UNION and CASE Type Resolution
If all inputs are of type unknown, resolve as type text (the preferred type for string category). Otherwise, ignore the unknown inputs while choosing the type.
If the non-unknown inputs are not all of the same type category, fail.
If one or more non-unknown inputs are of a preferred type in that category, resolve as that type.
Otherwise, resolve as the type of the first non-unknown input.
Coerce all inputs to the selected type.
Example 5-7. Underspecified Types in a Union
tgl=> SELECT text 'a' AS "Text" UNION SELECT 'b'; Text ------ a b (2 rows)
Here, the unknown-type literal 'b' will be resolved as type text.
Example 5-8. Type Conversion in a Simple Union
tgl=> SELECT 1.2 AS "Double" UNION SELECT 1; Double -------- 1 1.2 (2 rows)
The literal 1.2 is of type double precision, the preferred type in the numeric category, so that type is used.
Example 5-9. Type Conversion in a Transposed Union
Here the output type of the union is forced to match the type of the first clause in the union:
tgl=> SELECT 1 AS "All integers" tgl-> UNION SELECT CAST('2.2' AS REAL); All integers -------------- 1 2 (2 rows)

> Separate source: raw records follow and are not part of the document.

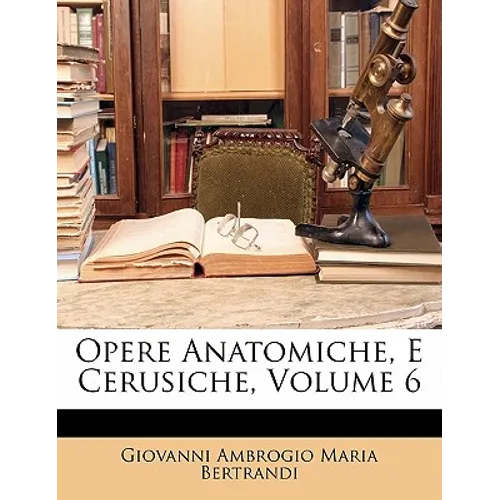 Opere Anatomiche, E Cerusiche, Volume 6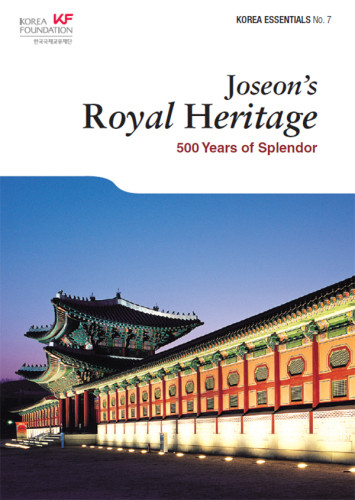 Joseons Royal Heritage 500 Years Of Splendor Kim Eugenekoehler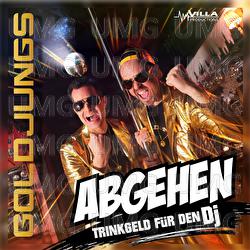Abgehen (Trinkgeld f&uuml;r den DJ) - Goldjungs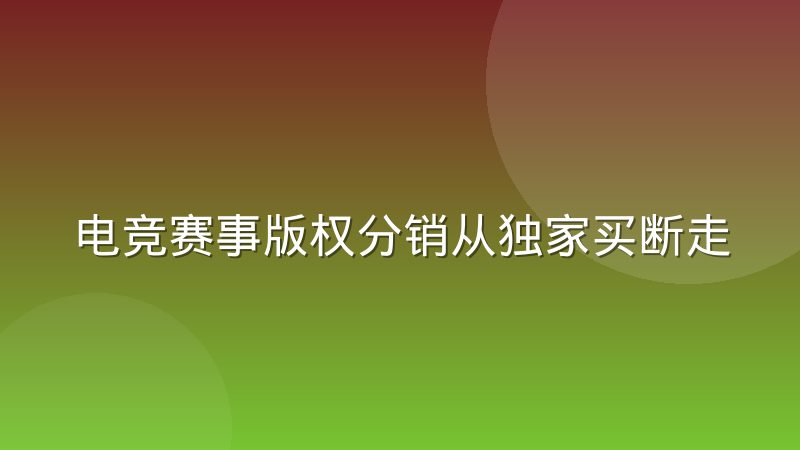 电竞赛事版权分销从独家买断走向多平台拆分,观众和行业各能得到什么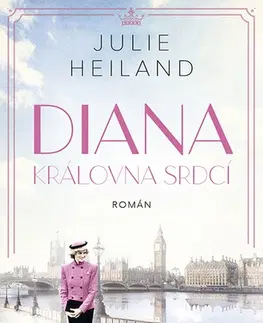 Historické romány Diana: Královna srdcí - Julie Heiland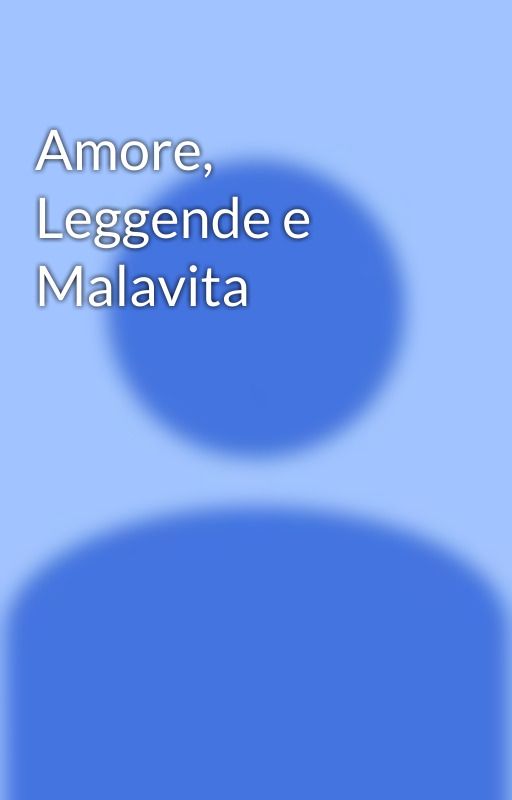 Amore, Leggende e Malavita by alphaxzin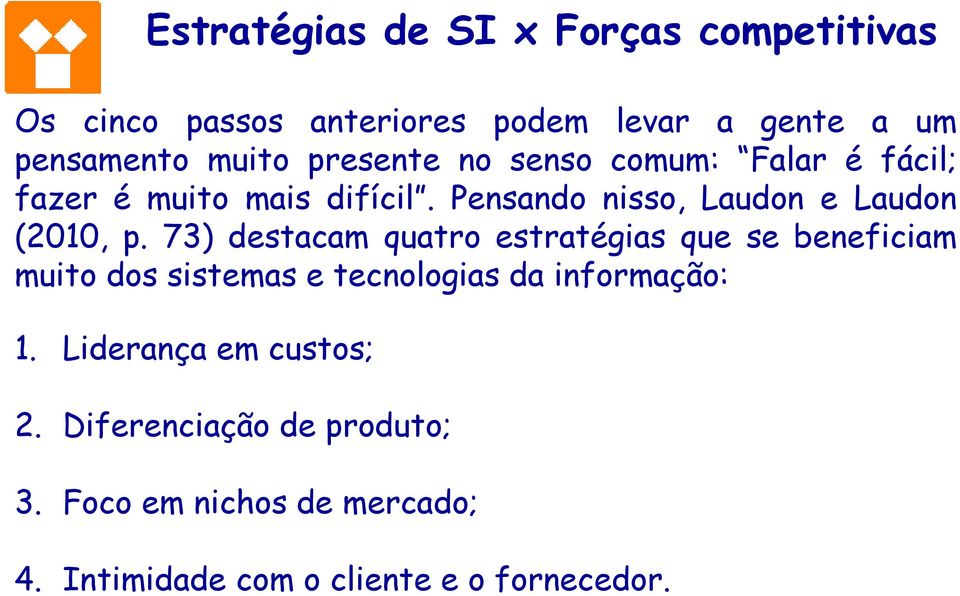 73) destacam quatro estratégias que se beneficiam muito dos sistemas e tecnologias da informação: 1.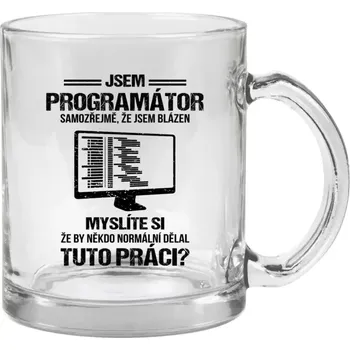 Hrnek 330 ml - skleněný Samozřejmě, že jsem blázen - programátor
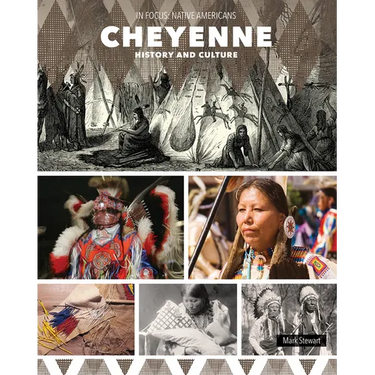 Cheyenne History and Culture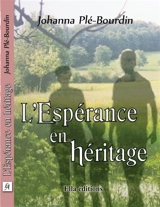L'Espérance en Héritage - Johanna Plé-Bourdin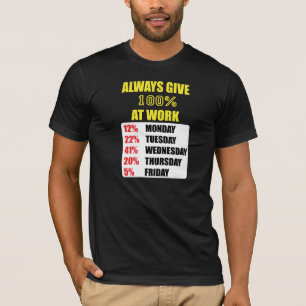 100% PÅ ARBETE TEE SHIRT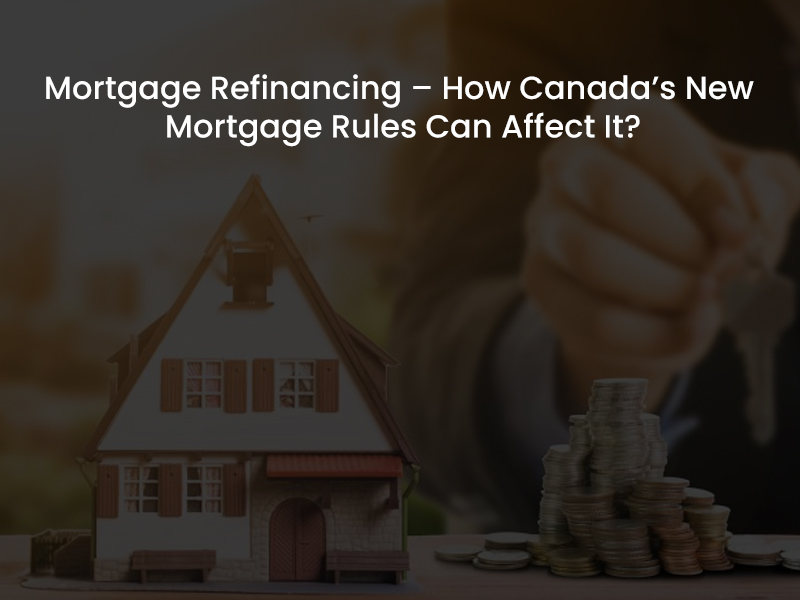 How Canada's New Mortgage Refinancing Rules Can Affect Loan Center Canada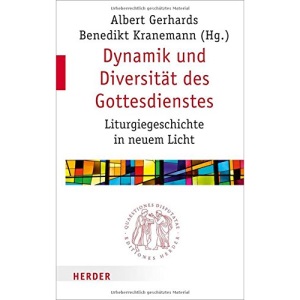 Dynamik Und Diversitat Des Gottesdienstes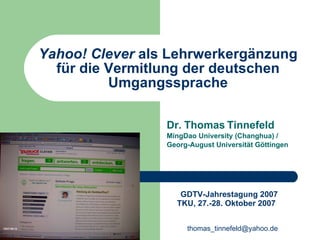 Yahoo! Clever  als Lehrwerkergänzung für die Vermitlung der deutschen Umgangssprache Dr. Thomas Tinnefeld  MingDao University (Changhua) /  Georg-August Universität Göttingen GDTV-Jahrestagung 2007 TKU, 27.-28. Oktober 2007   [email_address] 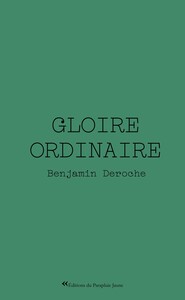 GLOIRE ORDINAIRE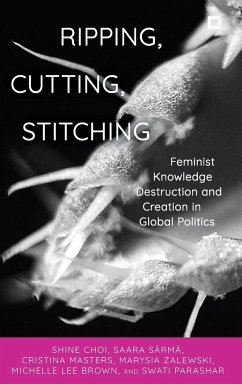 Ripping, Cutting, Stitching - Choi, Shine; Särmä, Saara; Masters, Cristina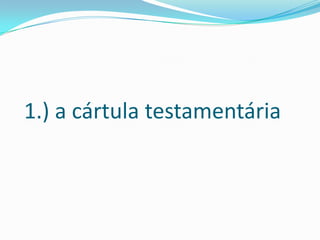 1.) a cártula testamentária
 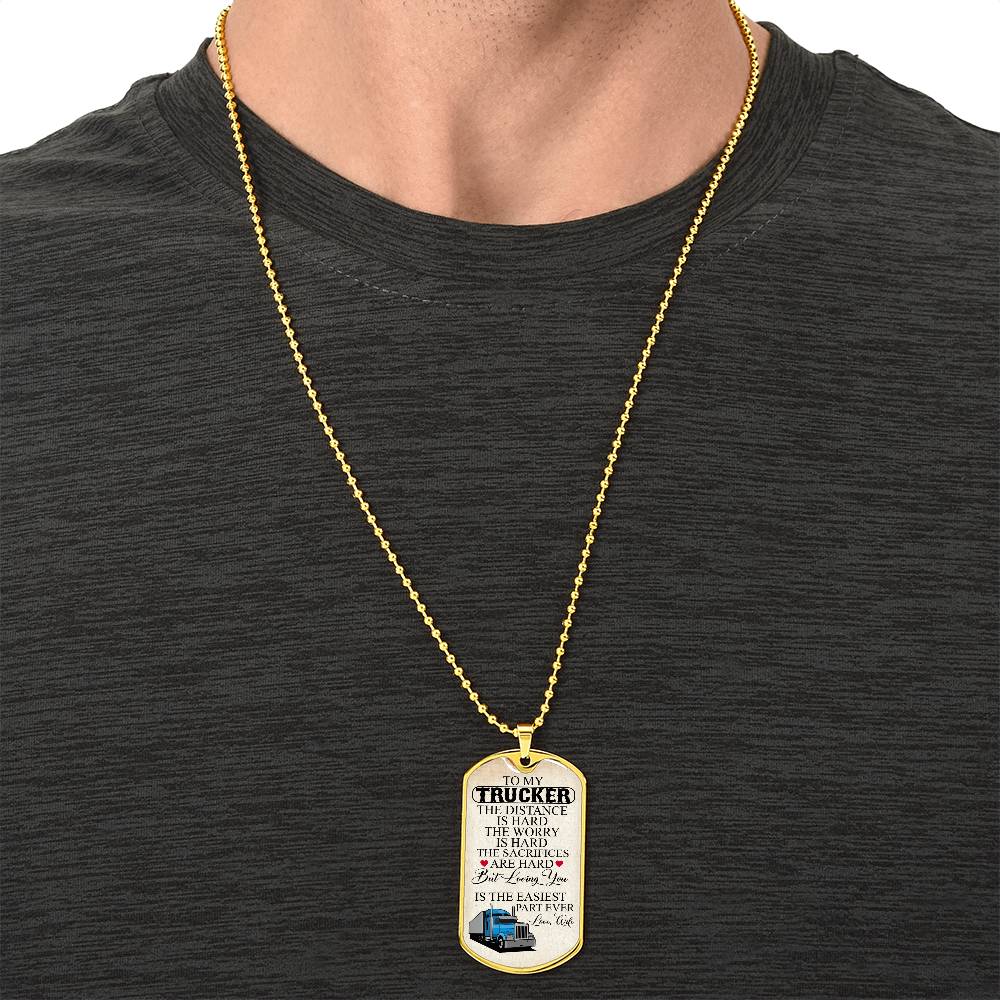 To My Trucker Necklace - Army Tag Necklace, Dog Tag Necklace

Since REAL is not a preferred type, the parser sees no reason to select it over INTEGER (which is what the 1 is), and instead falls back on the use-the-first-alternative rule. This example demonstrates that the preferred-type mechanism doesn't encode as much information as we'd like. Future versions of PostgreSQL may support a more general notion of type preferences.